#### Task:
The line containing "this 250×180 image." marks the start. Restate it and every following line through the end of the records exactly, and nothing else, leaving out the pictures.

Saved data entries
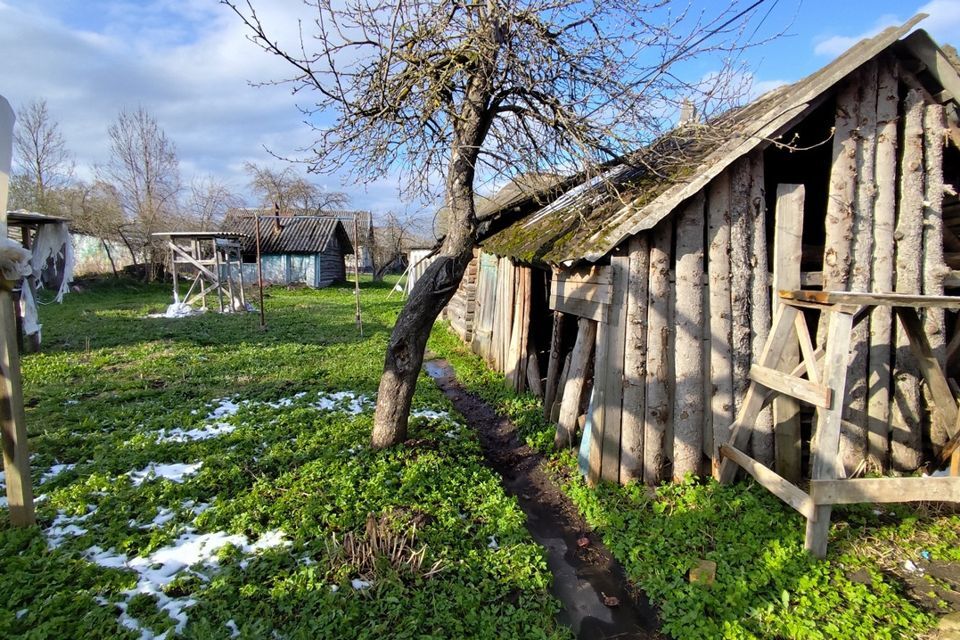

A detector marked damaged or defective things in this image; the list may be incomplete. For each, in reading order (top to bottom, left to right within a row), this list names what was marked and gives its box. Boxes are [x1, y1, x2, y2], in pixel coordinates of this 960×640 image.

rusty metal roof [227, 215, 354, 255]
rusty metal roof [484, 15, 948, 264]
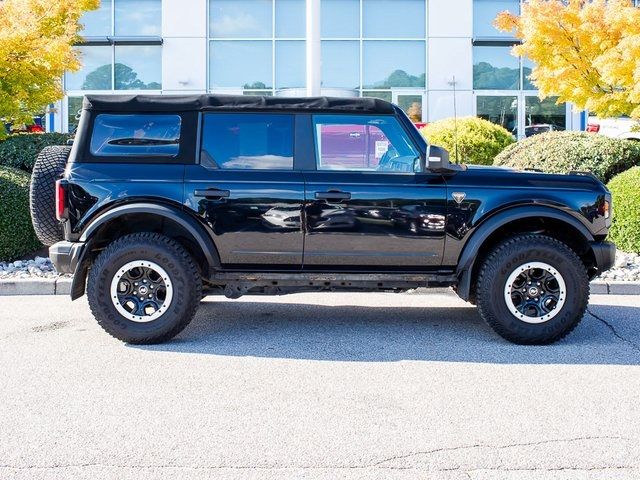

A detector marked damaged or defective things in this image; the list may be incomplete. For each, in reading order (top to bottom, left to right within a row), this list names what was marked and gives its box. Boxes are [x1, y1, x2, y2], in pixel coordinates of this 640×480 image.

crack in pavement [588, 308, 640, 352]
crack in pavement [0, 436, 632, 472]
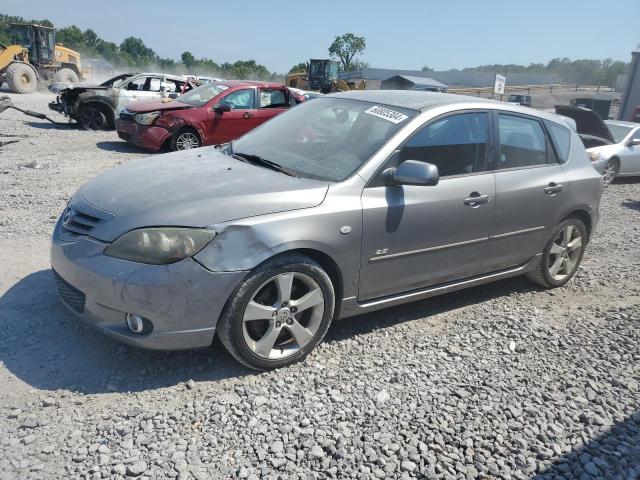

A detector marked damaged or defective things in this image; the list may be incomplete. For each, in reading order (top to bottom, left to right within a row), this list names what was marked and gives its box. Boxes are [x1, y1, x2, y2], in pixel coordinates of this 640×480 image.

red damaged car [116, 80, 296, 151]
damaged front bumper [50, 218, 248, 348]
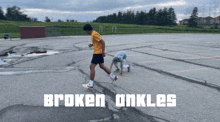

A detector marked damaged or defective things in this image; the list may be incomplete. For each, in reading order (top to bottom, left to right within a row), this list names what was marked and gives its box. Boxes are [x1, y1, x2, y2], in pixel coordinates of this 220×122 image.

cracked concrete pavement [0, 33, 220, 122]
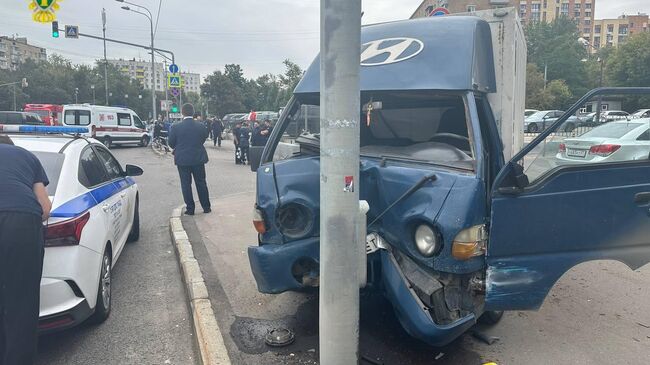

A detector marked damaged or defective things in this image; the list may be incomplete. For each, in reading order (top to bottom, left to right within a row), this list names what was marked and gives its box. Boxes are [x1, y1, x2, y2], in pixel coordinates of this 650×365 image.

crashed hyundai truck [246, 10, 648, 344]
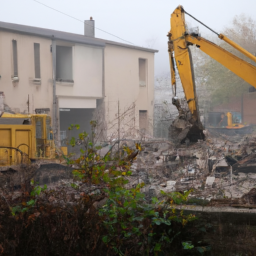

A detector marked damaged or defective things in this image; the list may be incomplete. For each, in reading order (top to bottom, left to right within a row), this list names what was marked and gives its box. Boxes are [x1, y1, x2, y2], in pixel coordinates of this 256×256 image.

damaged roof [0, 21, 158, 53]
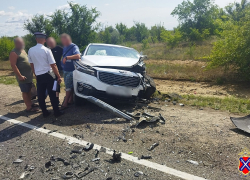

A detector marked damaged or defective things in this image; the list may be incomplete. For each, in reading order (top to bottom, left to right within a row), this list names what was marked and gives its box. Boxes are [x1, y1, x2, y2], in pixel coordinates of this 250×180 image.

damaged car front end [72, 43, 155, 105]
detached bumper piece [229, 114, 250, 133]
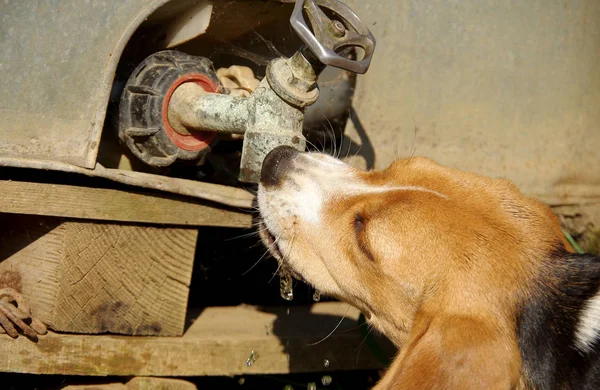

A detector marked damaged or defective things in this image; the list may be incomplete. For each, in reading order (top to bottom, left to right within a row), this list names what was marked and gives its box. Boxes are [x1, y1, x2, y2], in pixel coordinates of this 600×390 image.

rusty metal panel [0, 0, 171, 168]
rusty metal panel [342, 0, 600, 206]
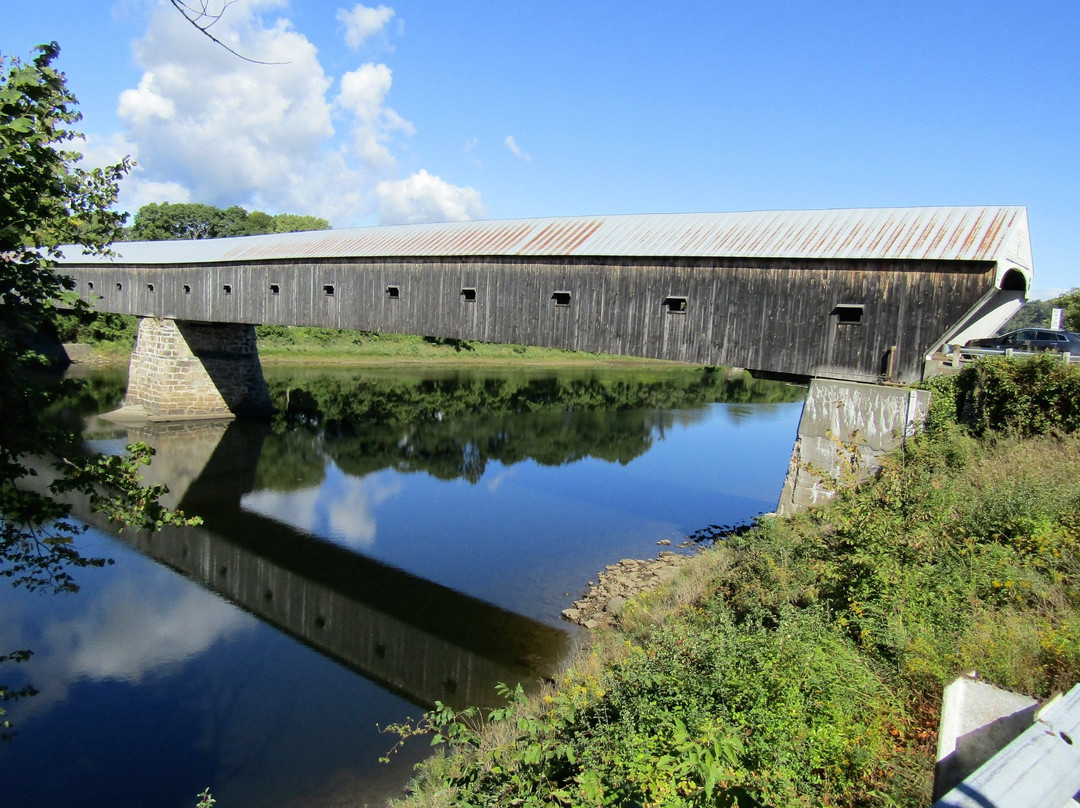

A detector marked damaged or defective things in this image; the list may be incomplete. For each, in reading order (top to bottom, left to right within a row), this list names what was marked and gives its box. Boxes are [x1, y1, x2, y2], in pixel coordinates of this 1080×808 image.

#### Response:
A detector marked damaged or defective things in this image; the list may be incomplete. For each, in reading order (top to bottom, left to right within a row), this list names what was marked and gives its box. Boxes are [x1, y1, x2, y2], in pixel coordinates of this 250×180 image.

damaged car front end [72, 43, 155, 105]
detached bumper piece [229, 114, 250, 133]

A detector marked damaged or defective things in this image; the list may be incomplete. For each, in reading order (top to bottom, left to right within a row), this list names what was marked and gives its box. Boxes are [x1, y1, x2, y2], in pixel coordinates of this 600×390 image.

rusty metal panel [0, 0, 171, 168]
rusty metal panel [342, 0, 600, 206]

A detector marked damaged or defective things in this image; the list may be incomplete. For each, in reading order (top to bottom, left to right within a row), this list names what was marked and gives its box. Boxes are [x1, y1, x2, y2], in pixel coordinates of this 1080×808 image.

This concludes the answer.